- [Required action]
Give the data again exactly, without images.

- [Supplied data]
---*---
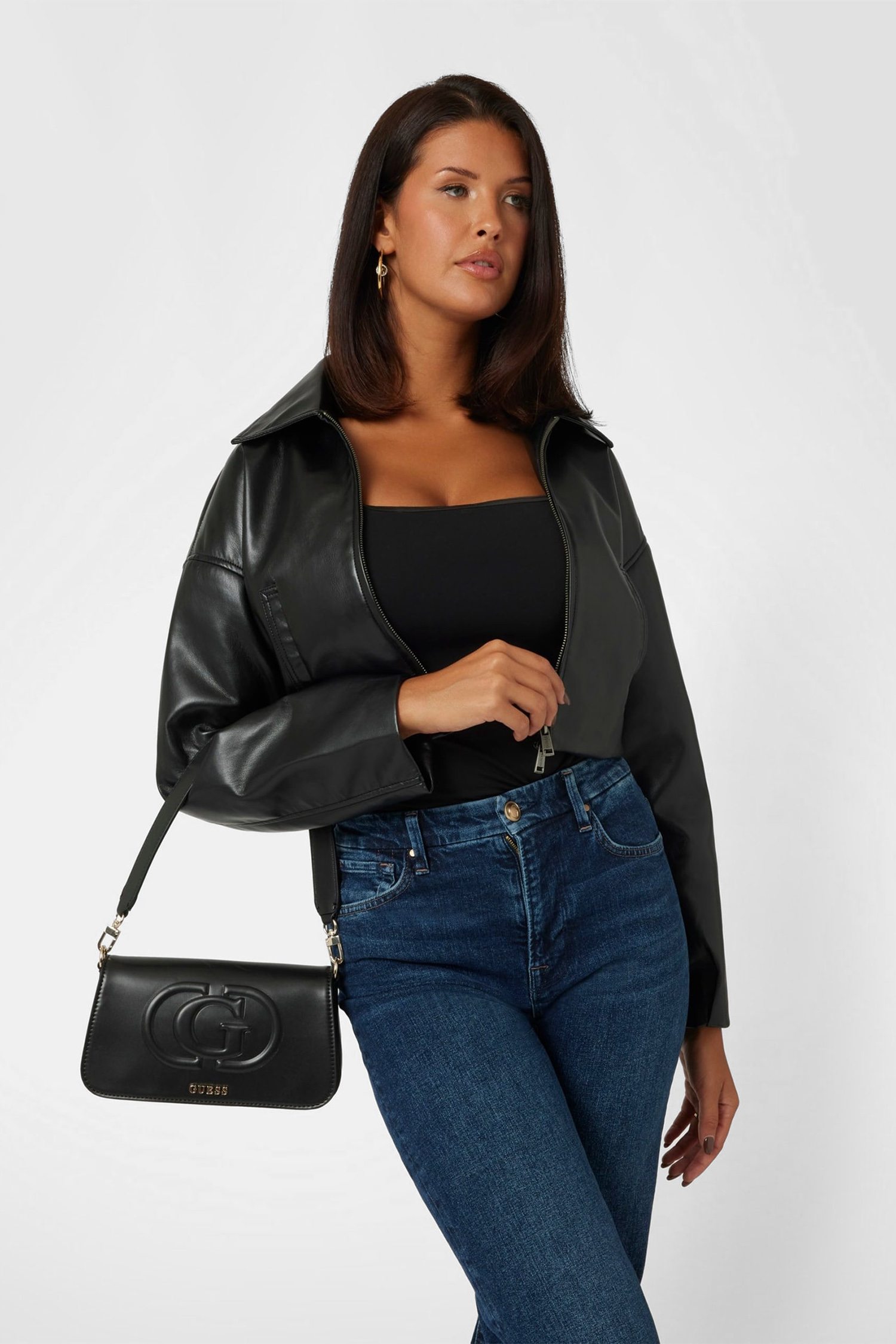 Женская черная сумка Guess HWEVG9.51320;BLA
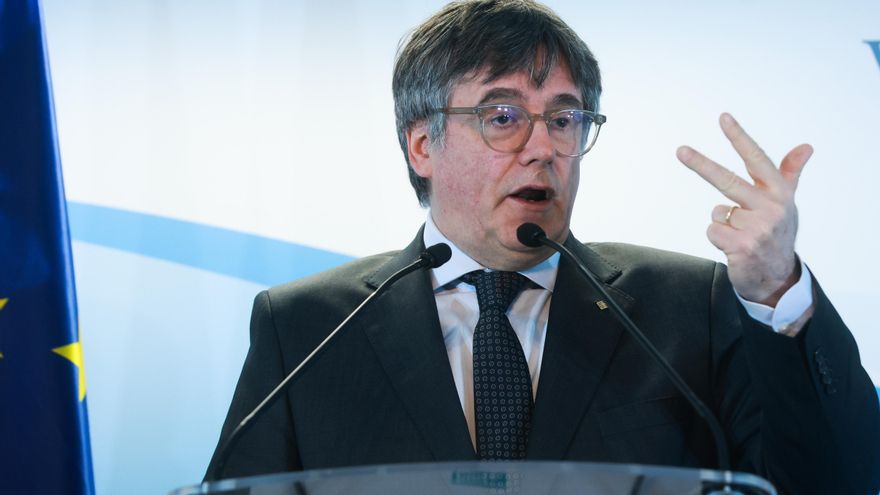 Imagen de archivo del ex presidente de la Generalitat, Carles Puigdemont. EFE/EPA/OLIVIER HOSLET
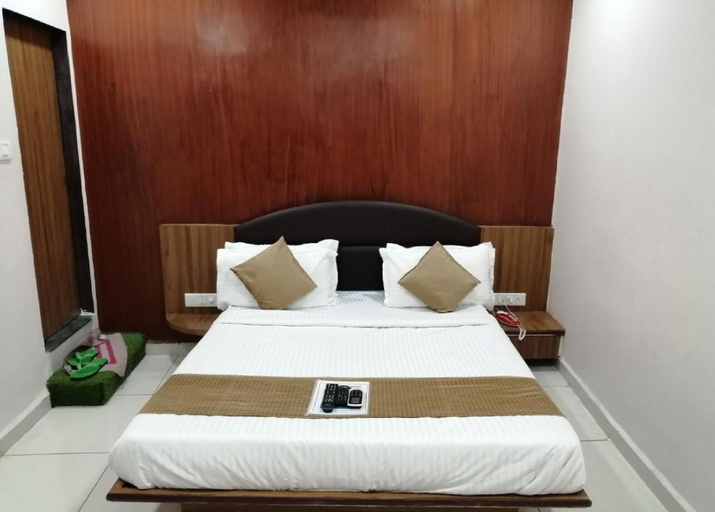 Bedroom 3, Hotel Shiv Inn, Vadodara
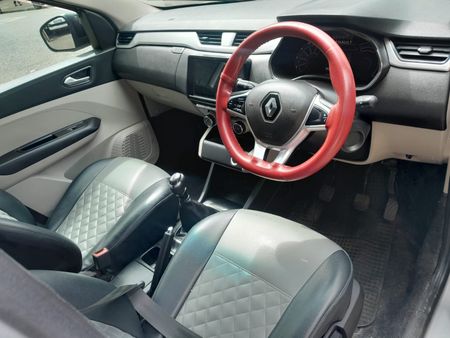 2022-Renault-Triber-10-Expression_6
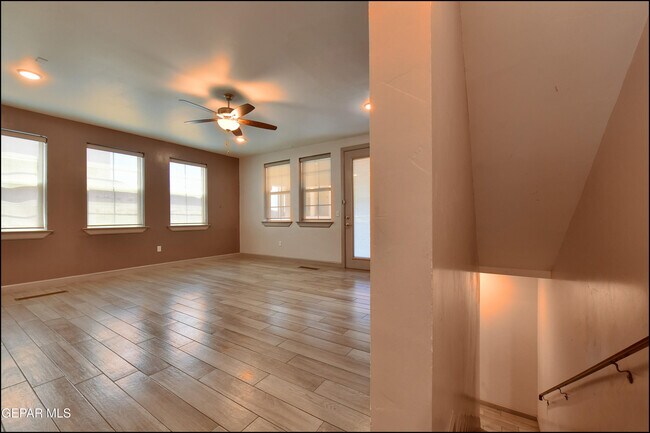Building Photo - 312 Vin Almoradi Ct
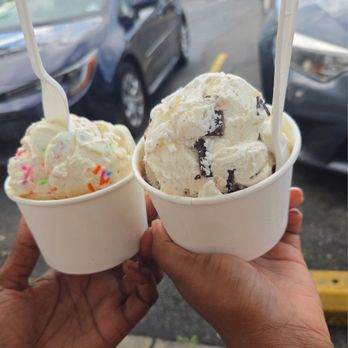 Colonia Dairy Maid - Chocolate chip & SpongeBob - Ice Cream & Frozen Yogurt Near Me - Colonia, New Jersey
---*---
- [Your solution]
 Женская черная сумка Guess HWEVG9.51320;BLA
 Imagen de archivo del ex presidente de la Generalitat, Carles Puigdemont. EFE/EPA/OLIVIER HOSLET
 Bedroom 3, Hotel Shiv Inn, Vadodara
 2022-Renault-Triber-10-Expression_6
Building Photo - 312 Vin Almoradi Ct
 Colonia Dairy Maid - Chocolate chip & SpongeBob - Ice Cream & Frozen Yogurt Near Me - Colonia, New Jersey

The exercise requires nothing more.